Having established the broad scope of the N-triftosylhydrazone partners that can be employed in this chemistry, we then turned our attention to the indole substrate. To our delight, using 4-tolyl N-triftosylhydrazone as the carbene precursor, indoles adorned with bromo, nitro, ester, pyridine, allyloxy, protected amine, phenyl, halogen, methoxy, cyano, and acetal functionalities at different positions of indole scaffold proved successful, affording the corresponding 3-arylquinolines (93–106) in moderate to excellent yields. Interestingly, the OTBS (tert-butyldimethylsilyloxy) group can be tolerated in the first step but is hydrolyzed to the hydroxyl group in the second step, thereby providing a practical route to access hydroxyl-containing bioactive compounds (vide infra). In addition, 7-azaindole and 5-chloro-7-azaindole, which had not previously been demonstrated30,31,32,33,34,35,36, produced the corresponding ring expansion products (109 and 110). We also applied this silver-catalyzed ring-expansion protocol to the late-stage modification of bioactive indoles such as tryptophol, melatonin, raputimonoindole B, and verticillatine B, providing respective ring-expansion products 111–114 in moderate yields. Important drug intermediates (e.g., pindolol) or indoles derived from steroids (e.g., pregnenolone) and terpenes (e.g., perillyl alcohol and geraniol) also proved to be good substrates, affording their 3-aryl quinoline analogs 115–118. Notably, the sterically hindered 2- and 3-substituted indoles that are not amenable to the fluoroalkylative expansion, have undergone arylative ring expansion with synthetically meaningful yields (e.g., 107, 108, 111, and 112).
Of high importance in molecular editing is the ability to apply a single reaction to multiple heterocyclic cores. As such, we next sought to expand our protocol to pyrroles to access pyridines. Unfortunately, under similar conditions, N-TBS-protected pyrrole failed to afford the desired ring-expansion product (entries 1–3, Supplementary Table 7), which is consistent with previous observations that C–H insertion is favored over C=C cyclopropanation when electron-donating group-protected pyrroles react with copper or silver carbene49. Inspired by the work of the Levin group, we turned our attention to 1H-pyrrole and were delighted to find that 1H-pyrrole could afford carbon insertion product 119 in 48% yield when using Rh2(esp)2 as a catalyst (Supplementary Table 7).

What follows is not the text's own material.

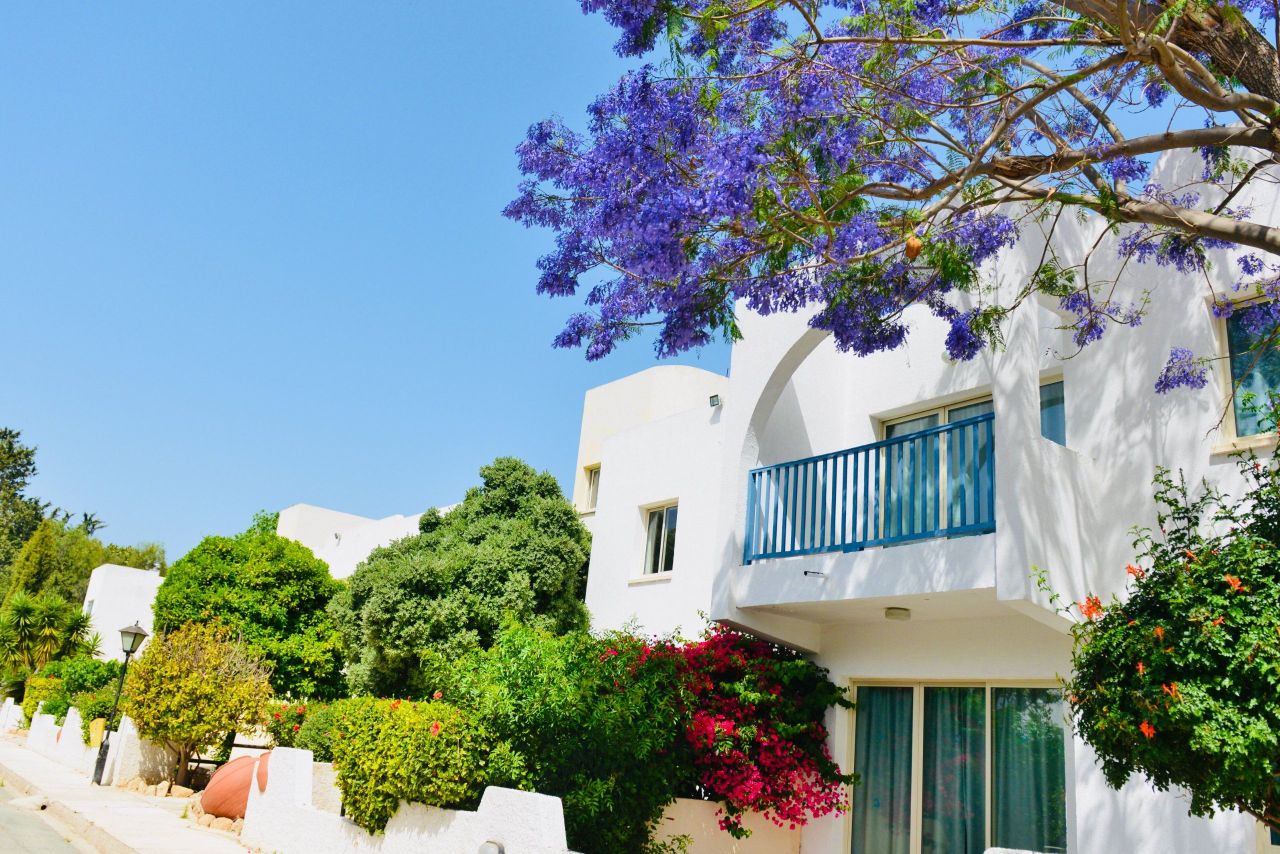 Апартаменты в Пафосе, Кипр - фото 3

With suitable modified editing conditions established, we first investigated the range of N-triftosylhydrazone coupling partners that could be used. As shown in Fig. 3b, we found that a variety of mono- and di-substituted aryl N-triftosylhydrazones bearing trifluoromethyl, fluoro, ester, methyl, and chloro substituents directly afforded the corresponding 3-aryl pyridines (120–125). Unfortunately, other types of N-triftosylhydrazones, such as trifluoromethyl-, perfluoroalkyl-, alkyl-, alkenyl- and alkynyl-substituted N-triftosylhydrazones, are not suitable carbene precursors, representing a current limitation of the reaction (Supplementary Fig. 2). A brief survey of pyrrole scope revealed that 2-(trichloroacetyl)-1H-pyrrole provided 2-(dichloroacetyl)pyridine 126 in 59% yield, while 3-methyl-1H-pyrrole resulted in a 4:3 mixture of regioisomeric ring expansion products 127 and 128, in 56% total yield.

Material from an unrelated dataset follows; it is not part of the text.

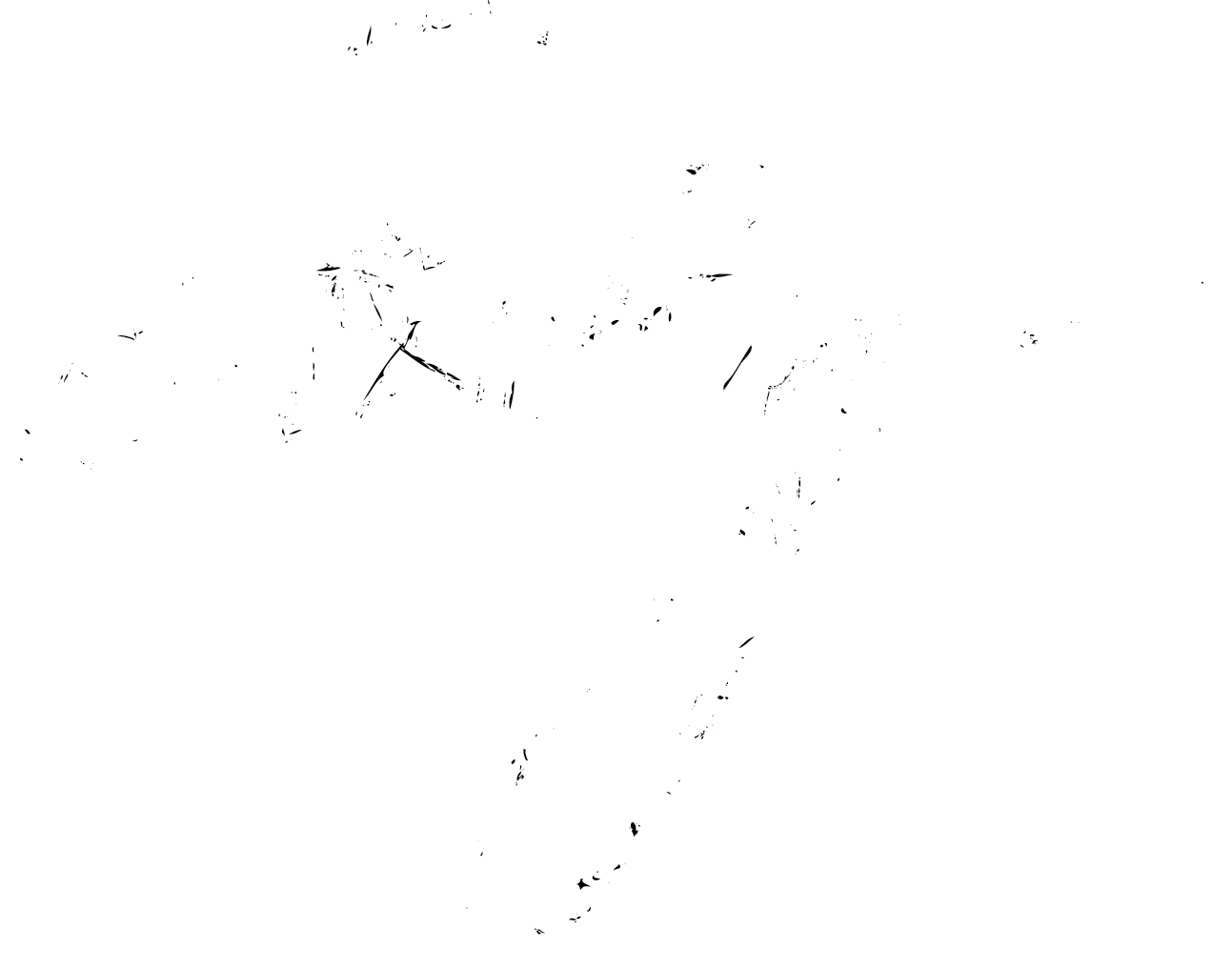emily wade adams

3-Aryl quinolines are common motifs in pharmaceutically interesting compounds, although their construction typically requires multiple steps. To further demonstrate the utility of the ring-editing protocol, we have targeted the streamlined synthesis of bioactive quinolines of medicinal interest (Fig. 4). One advantage of this protocol is that OTBS-substituted indoles could directly provide OH-containing quinoline derivatives. Taking advantage of this, we successfully synthesized potential anticancer agents50 131 and 132 from commercially available indole 129 in two steps with 72% and 49% total yields, respectively (Fig. 4a). This protocol has better tolerance for arylcarbenes with strong electron-donating groups compared to previous protocols using α-chlorodiazirines as the one-carbon source30,31. For example, 3-(4-methoxyphenyl)quinoline-2-carbaldehyde 134, a key intermediary for the synthesis of pharmaceuticals with antiproliferative (136) and anti-dengue activity (137), can be obtained in two steps from 2-methylindole 134 with an overall yield of 62% (Fig. 4b). Notably, the compound 134 was previously prepared from isatin 136 in three steps, with 53% overall yield51. Applying this silver-catalyzed C-D protocol, electron-rich aryl-substituted quinoline derivatives 138, 140, and 142 can be obtained in 90%, 81%, and 89% yields, respectively. These compounds can be further transformed into bioactive molecules, such as anti-inflammatory compound 13952, β-glucuronidase inhibitor 14153 and antimycobacterial treatment adjuvant 14354, in two steps with preparatively useful total yields (Fig. 4c). Finally, the Buchwald-Hartwig amination of product 144, which was obtained by one-carbon insertion in 88% yield, with morpholine afforded quinoline 145 in 80% yield, which is used for the treatment of hypopharyngeal cancer55.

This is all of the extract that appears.